Но дело касалось не только идеальных типов. Также и вне их мы можем повсеместно наблюдать возникновение нового восприятия красоты, в котором, по сравнению с античностью, завоевывается новый масштаб, и причем не только в его духовных, но и в его чувственных составляющих. Нельзя сказать, чтобы формы, выражающие силу и энергию, совсем исчезли, но как выстроенные на основе равномерной гармонии систематической культуры тела эллинистические образы, так и массивные, плотные властные римские типы, да и неуклюжие фигуры, характерные для раннесредневекового ухода от любой телесной красоты, все более и более уступали место стремлению к нежному изяществу и грациозной легкости, стремлению, постоянно удерживавшему, несмотря на многочисленные превращения с двенадцатого до шестнадцатого веков, связь с идеальностью, для которой душевные превосходства, аскеза и задушевность, возвышенные ощущения, альтруистское настроение и покоящееся на духовной общности устройство жизни были важнее, чем телесное совершенное и индивидуальное (или публичное) сознание власти.
В сильной зависимости от духовного содержания была заложена одновременно и слабость, то чередующееся приближение к природе и удаление от действительности, что было незнакомо последовательному совершенствованию классического искусства с его объективными проблемами.
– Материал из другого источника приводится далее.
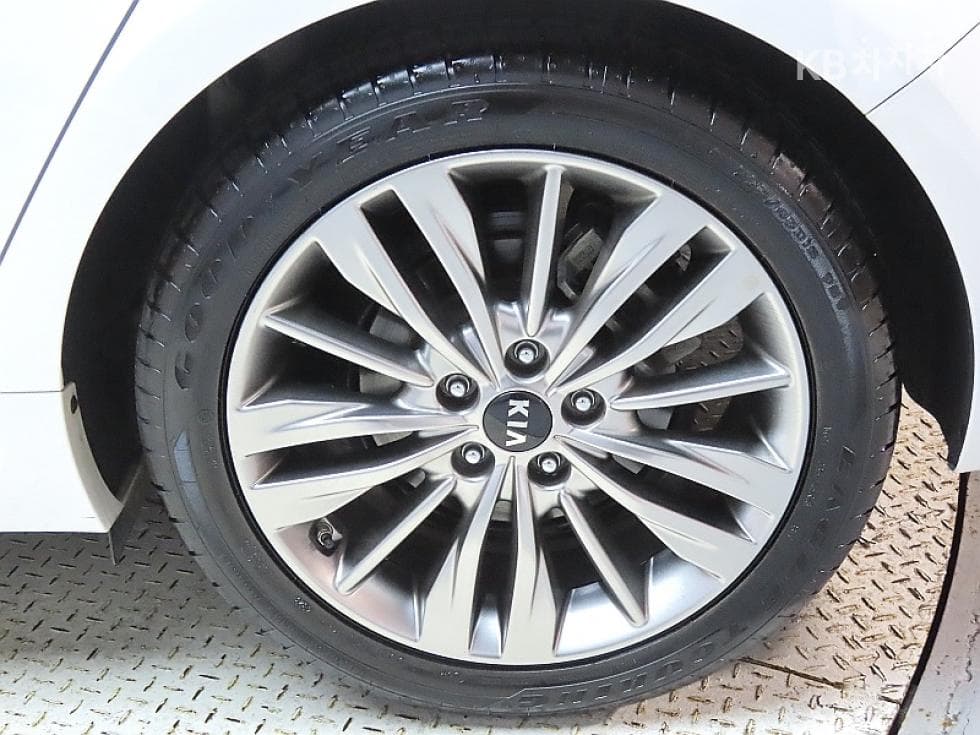 Kia The New (facelift) K5 Second generation2.0 Gasoline Seater텔리전트 - 20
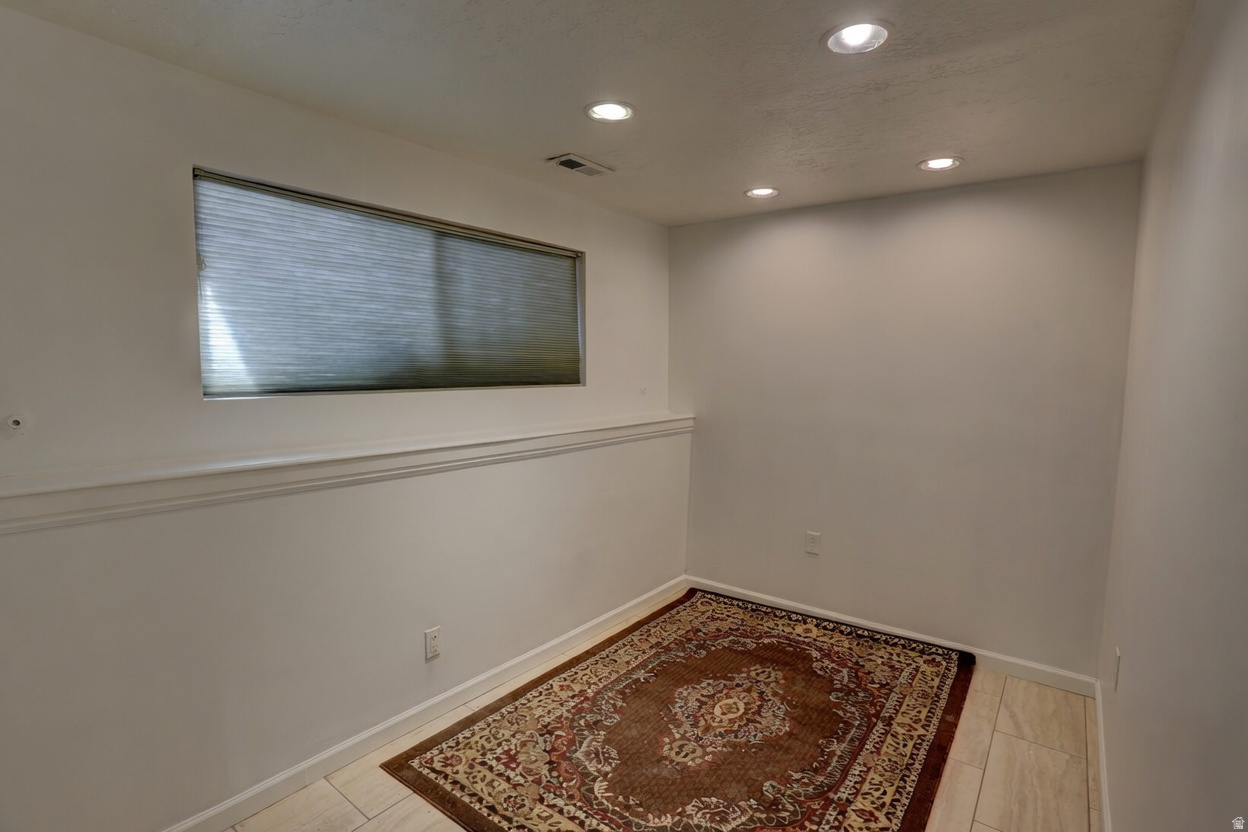 SOUTHRIDGE SUB #8 - Residential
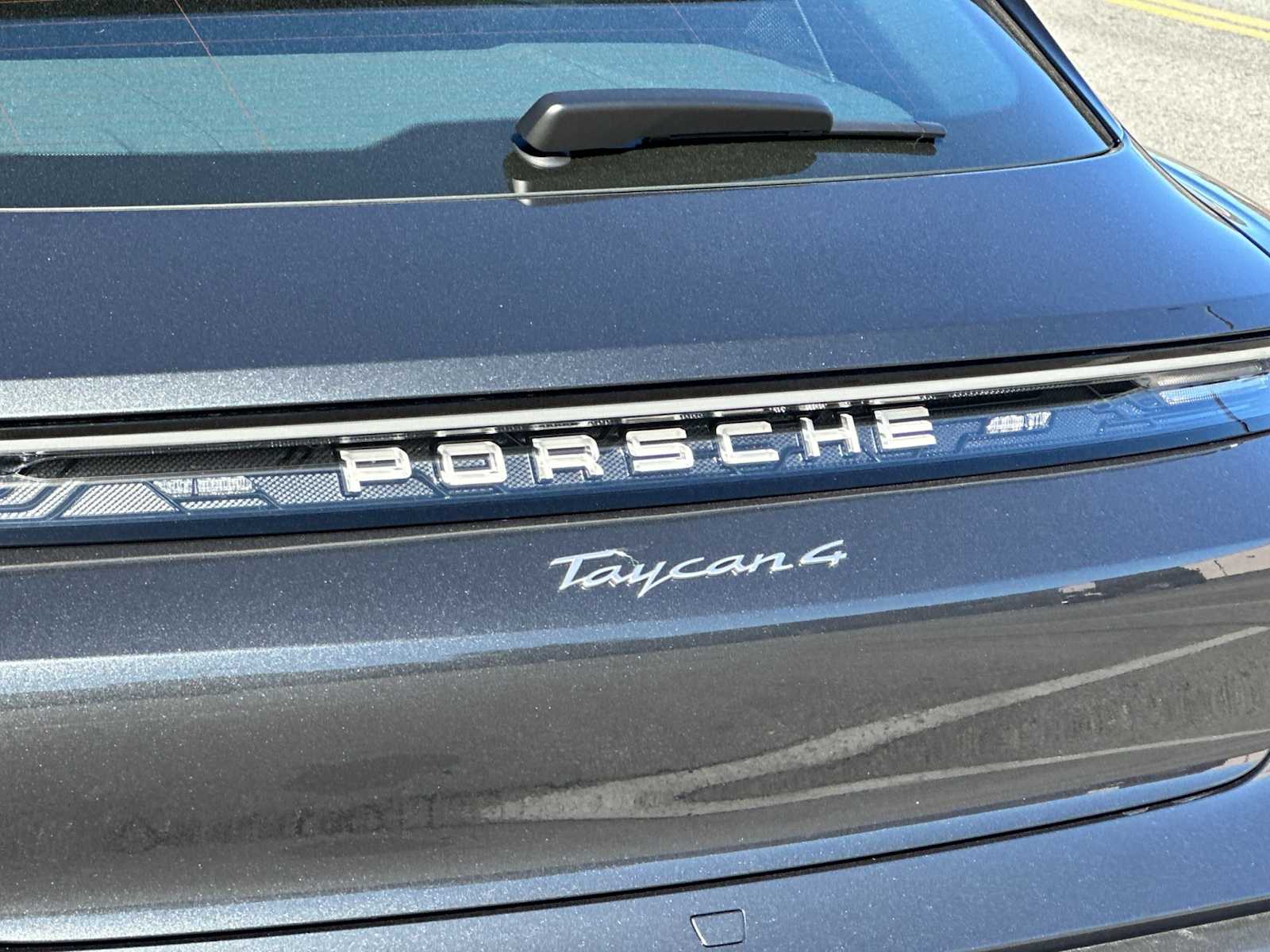 Thumbnail: 2025 Porsche Taycan - 25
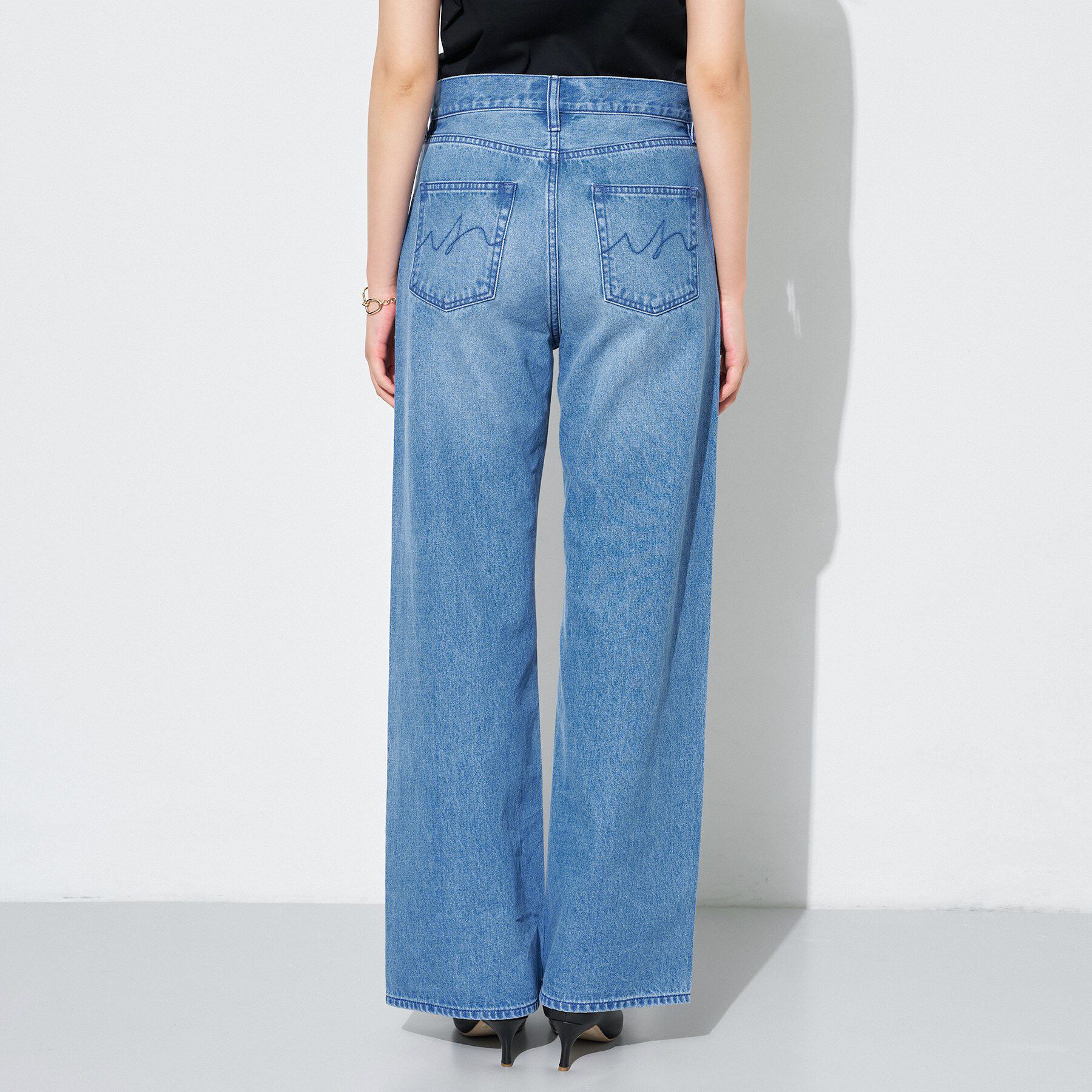 INDIVI「【新作登場！】美脚ワイドデニム」|その他|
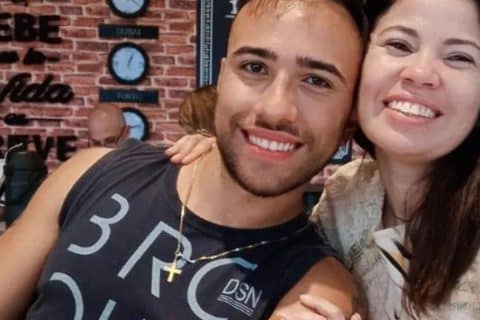 Mãe se muda para o Paraguai para encontrar filho desaparecido Não ter pistas me desespera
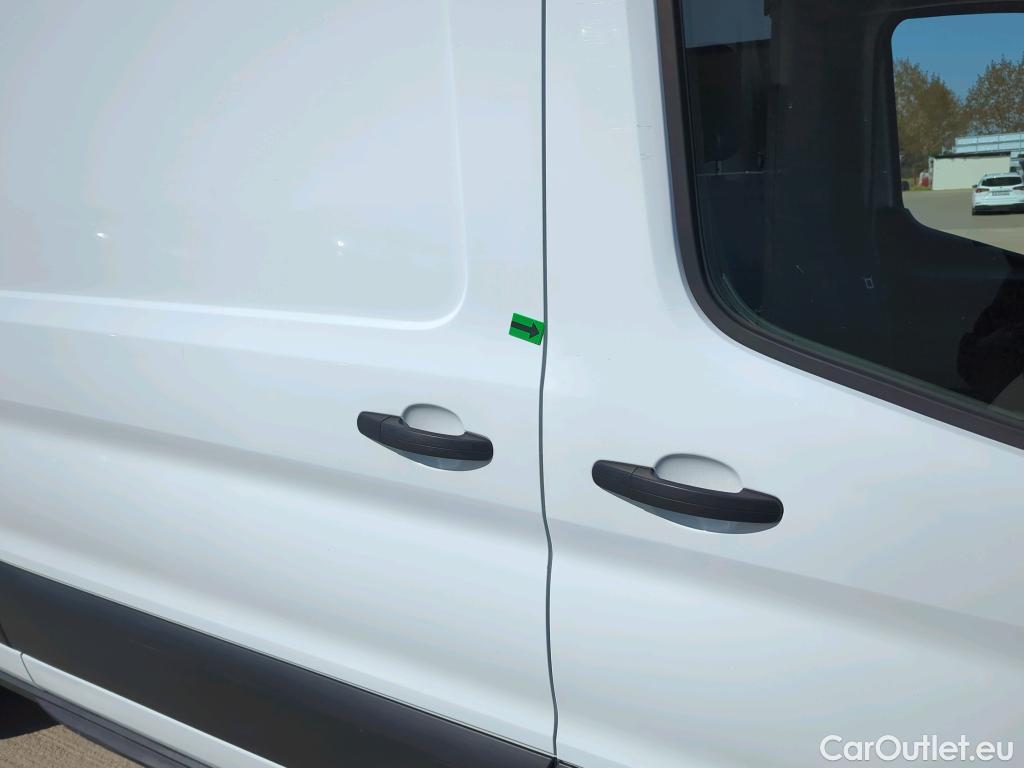  Ford  Transit 2.0EcoBlue 130PS 350 L4H3 Trend RWD #43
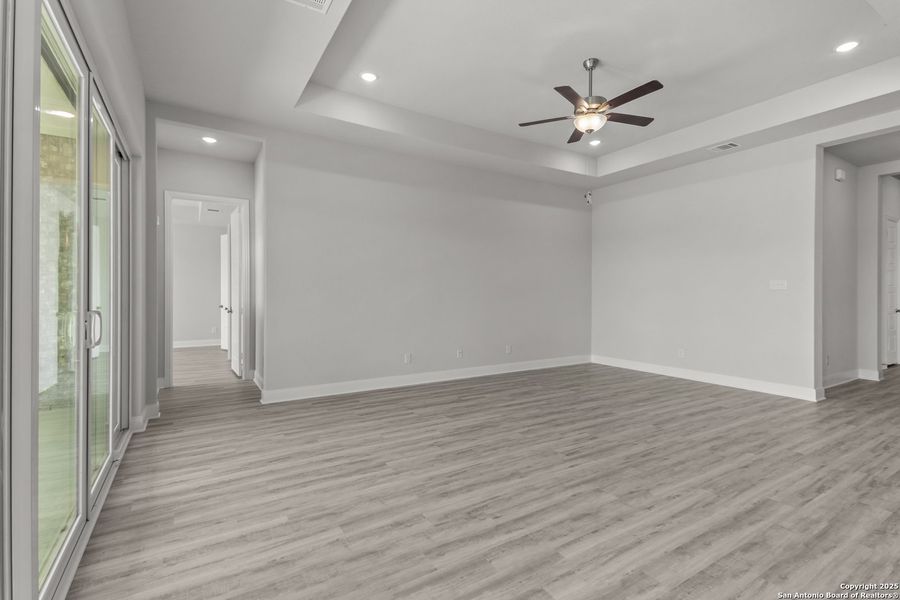 Spacious, unfurnished interior of a new home in Stillwater Ranch 45', San Antonio (Image 24).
Великие реалисты северного портала Шартрского собора[66]. лишь только на одно поколение моложе тех мастеров, которые «создали в Муассаке, Суйаке, Везелэ образы, рожденные из ненависти и гнева, образы, как ничто другое в мире, отвергающие античный идеал прекрасной телесности и языческого культа героев, образы, чьи тела стучат под одеяниями как скелеты, и которые показывали обитателям монастырей с их пустыми глазницами то, чем каждый из них хотел стать: чистую, выжженную огнем мистического экстаза душу, колышащуюся в теле, как пепел ладана, колеблемый воздухом, душу, унижающую себя в смирении и вздымающуюся в тоске, душу, лежащую на земле как согнутый, сломленный бурей стебель и поднимающую к небу свой взгляд, как лилии их соцветия»[67]. За этим следует властный духовный пафос пророков хора св. Георгия в Бамбергском соборе, это можно обозначить как первый акт трилогии могучих изображений образов христианских провидцев, вторым будут пророки и сивиллы в Сан Джованни в Пистойе, а третьим — «на все бросают тень грядущие событья»[68] — божественные образы Сикстинской капеллы, тонкий эпос искусства, черпающего свои благородные образы вне всех духовных конфликтов из успокаивающей уверенности полного покоя божественного сознания, и наоборот, разница лишь в одно поколение отделяет созданные ранее с болью и преданностью Богу, лирически отошедшие от мира фигуры на кафедрах в Вексельбурге и Хальберштадте[69] от почти что брутальных, исполненных жизни изображений донаторов в Наумбурге. Это начало великой гибкости духовного содержания основывалось не только на противоположности школ и мастерских, но в не меньшей степени происходило и от большей и более непосредственной (в сравнении с античностью) зависимости художественного творчества от всего того, что определяло духовную жизнь эпохи, что неизбежно проистекало из присущей самому характеру христианского искусства оценки всех вещей с точки зрения требований душевной жизни.